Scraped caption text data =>
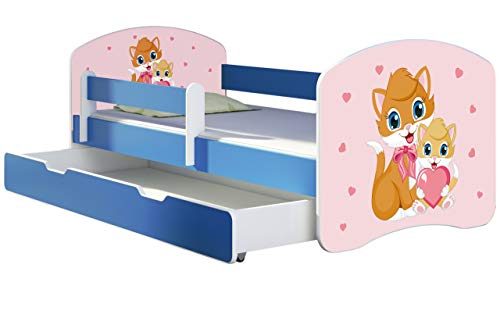 ACMA Kinderbett Jugendbett mit Einer Schublade und Matratze Blau mit Rausfallschutz Lattenrost II 140x70 160x80 180x80 (33 Miezekatzen, 140x70 + Bettkasten) von ACMA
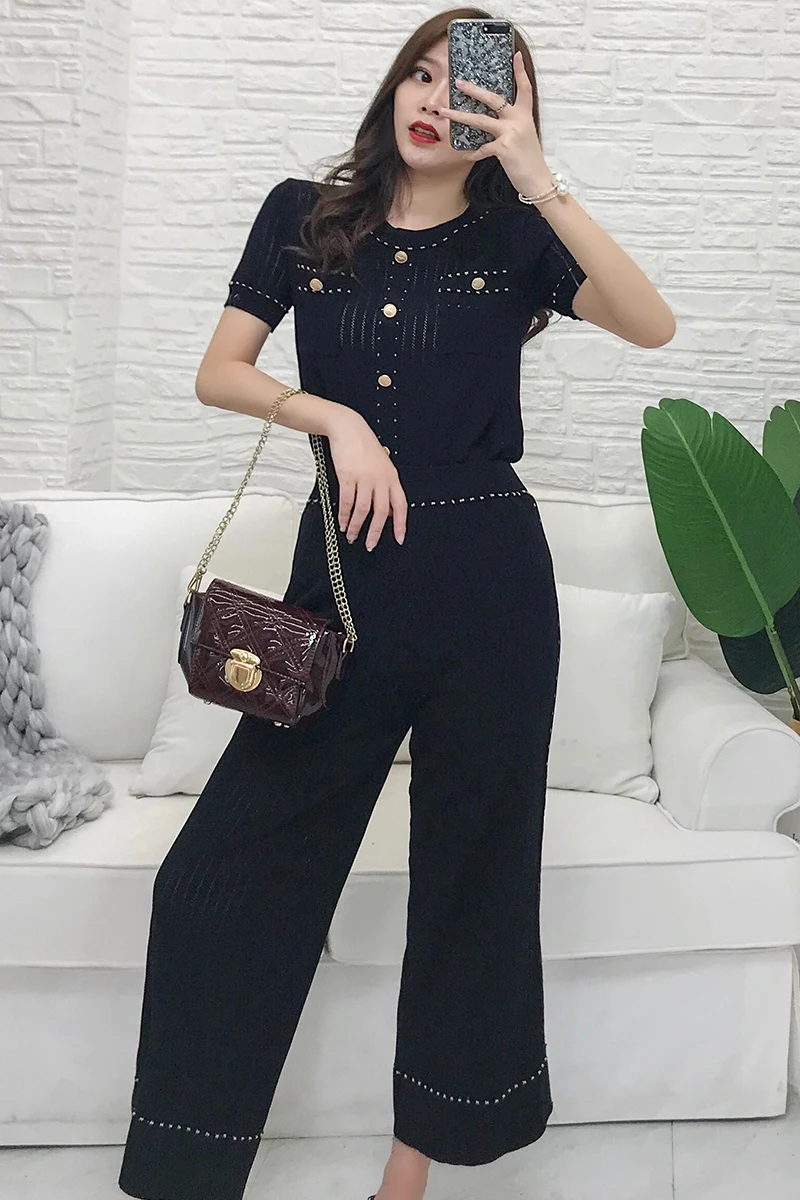 Женский трикотажный костюм ALPHALMODA из двух предметов с коротким рукавом пуловеры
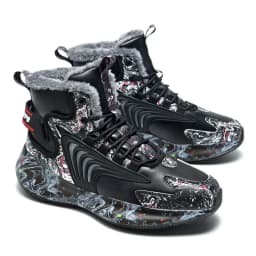 Large Size 46 Outdoor Cotton-padded Shoes High Top Sneakers Fur Warm Snow Boots Men's Casual Shoes Comfortable Soft In Winter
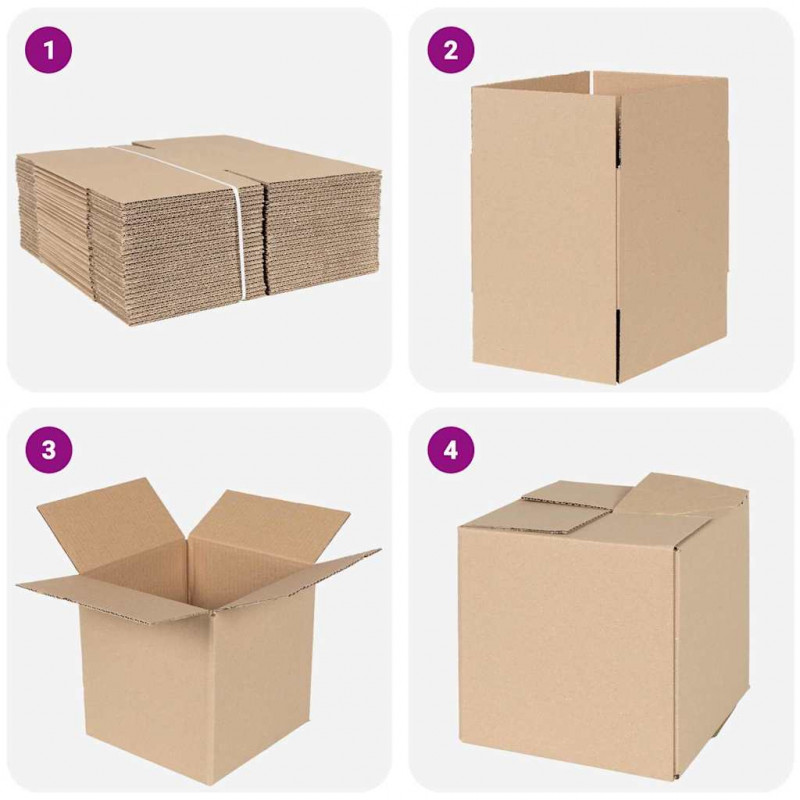 Pudełko składane 50 pcs Naturalny 20 x 20 x 20 cm Tektura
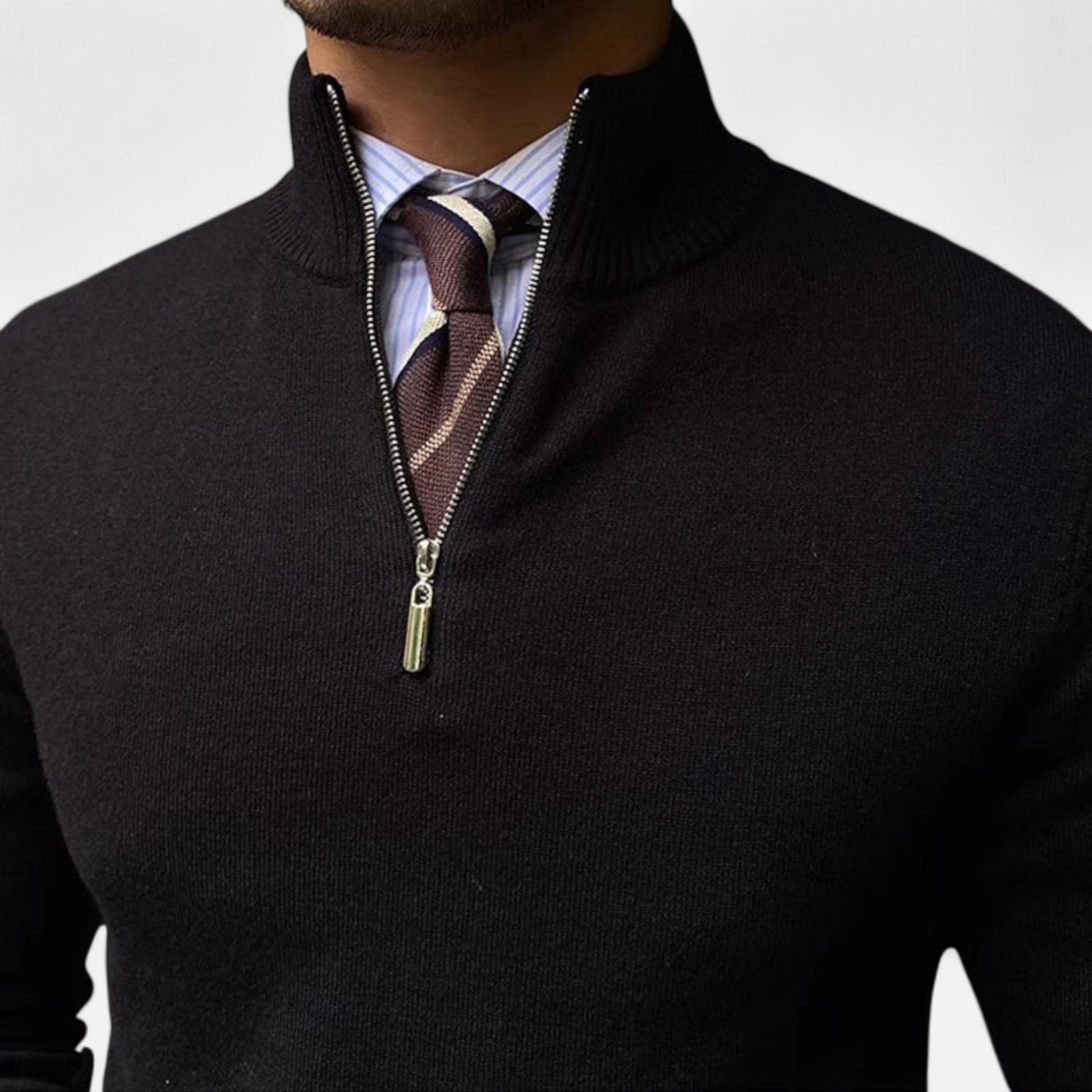 VogeLuxe | Men’s Classic Quarter-Zip Knit Sweater 6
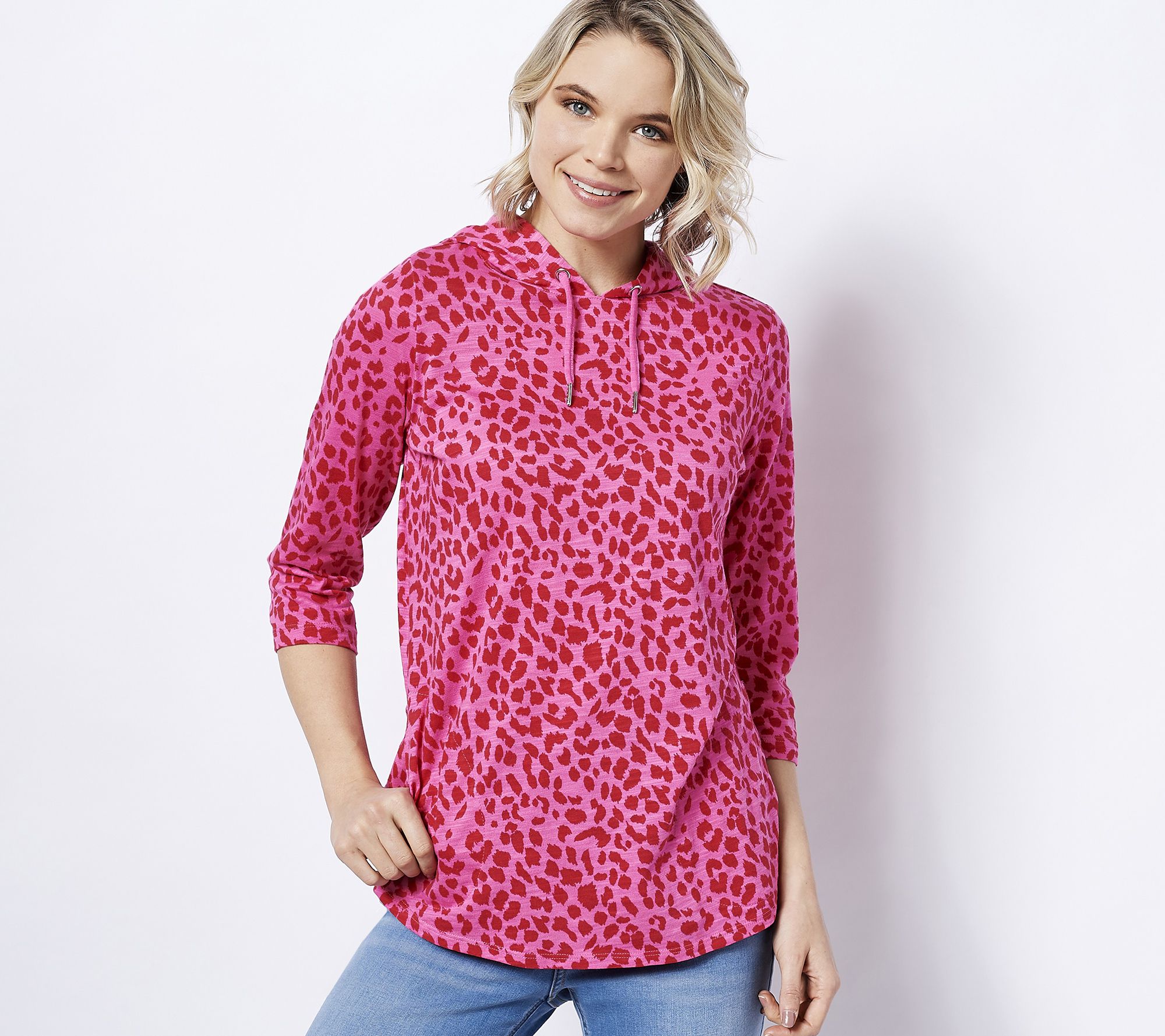 Belle by Kim Gravel Slub Knit 3/4-Sleeve Hoodie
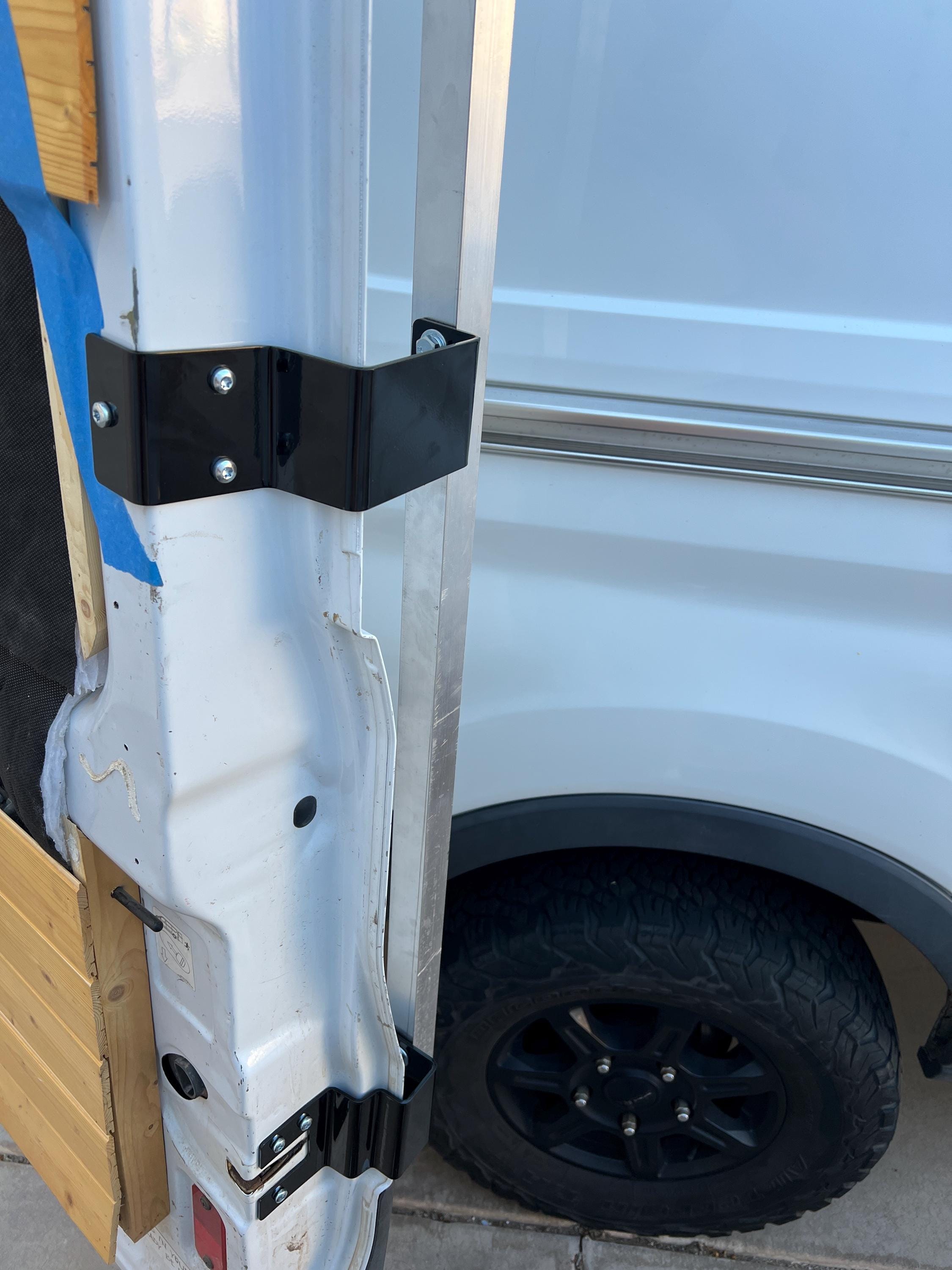Ford Transit passenger's side rear door mounts for 253 degree hinges (aka 270), DIY extra storage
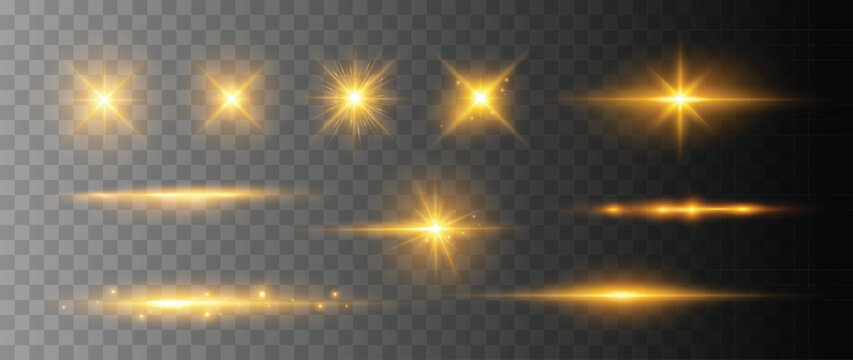 Golden glowing light flare collection with sparkles and horizontal light streak effects isolated on transparent background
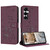Samsung Galaxy S26+ Embossed Kitten Phone Leather Case with Lanyard - Wine Red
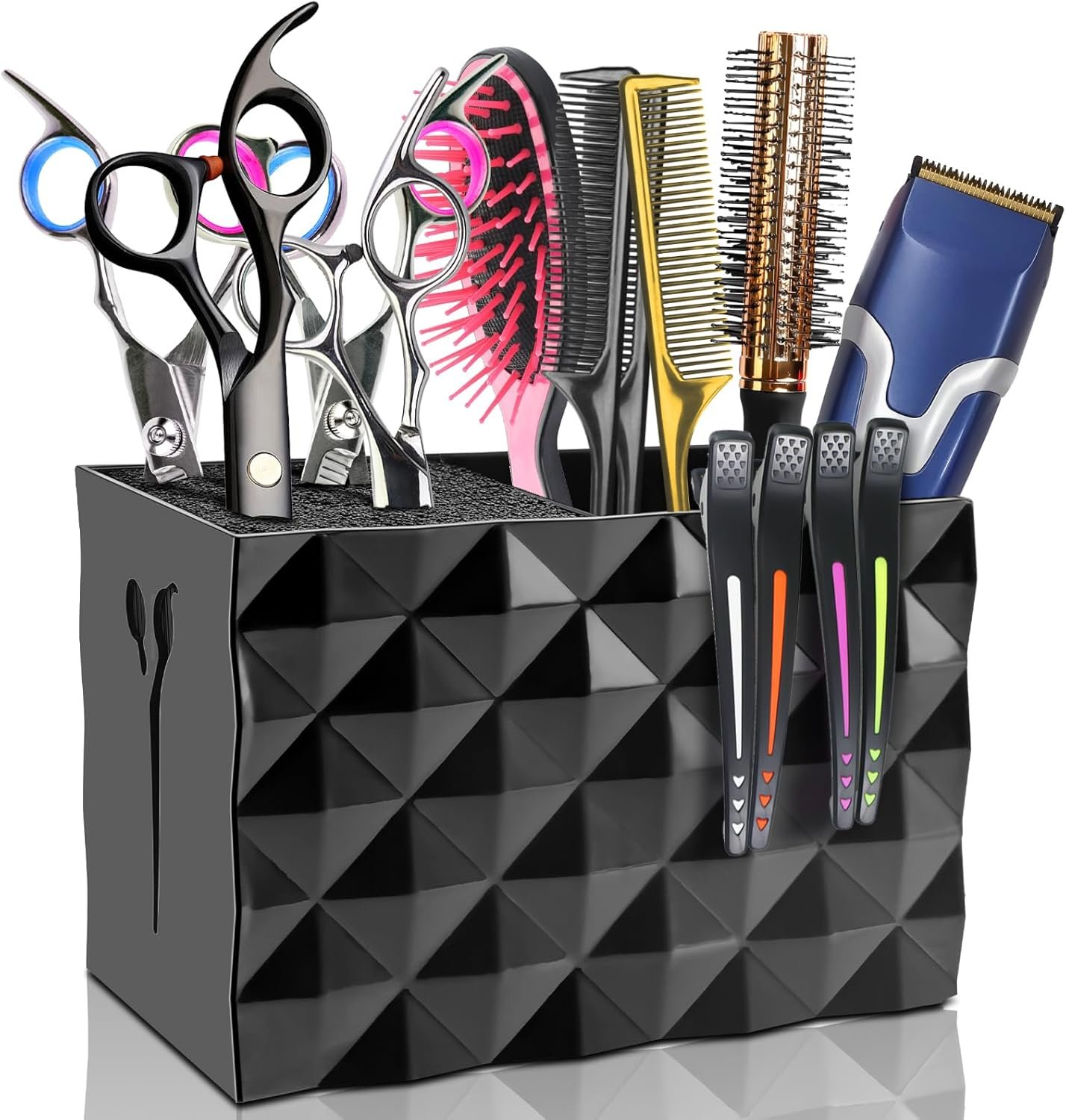 NICEMOVIC Barber Scissors Holder Box, Barber Accessories Barber Supplies, Professional Salon Hairdressing Scissors Rack Holder Storage Organizer for Hairstyling Combs Clips Brushes (Black)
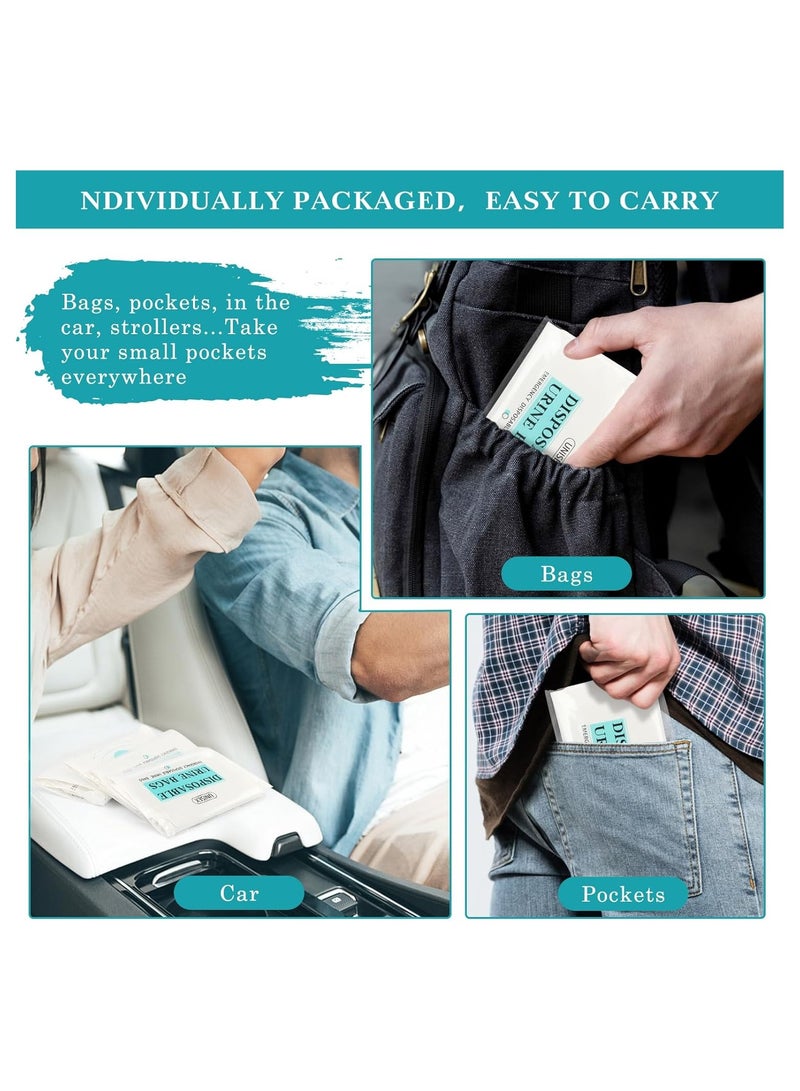 Excefore Disposable Urinal Bag, Emergency Disposable Urinal Bags, 750CC 10Pack Portable Camping Pee Bag, Vomit Bag, Unisex Urine Bag for Traffic Jams, Camping, Hiking, Pregnant, Patient, Kids - Image 3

TO DO => Each line above that falls between the line with "Samsung Galaxy S26+" and the line with "NICEMOVIC Barber Scissors" should be printed exactly, together with those two lines, but the pictures should not.

TASK RESULT =>
Samsung Galaxy S26+ Embossed Kitten Phone Leather Case with Lanyard - Wine Red
 NICEMOVIC Barber Scissors Holder Box, Barber Accessories Barber Supplies, Professional Salon Hairdressing Scissors Rack Holder Storage Organizer for Hairstyling Combs Clips Brushes (Black)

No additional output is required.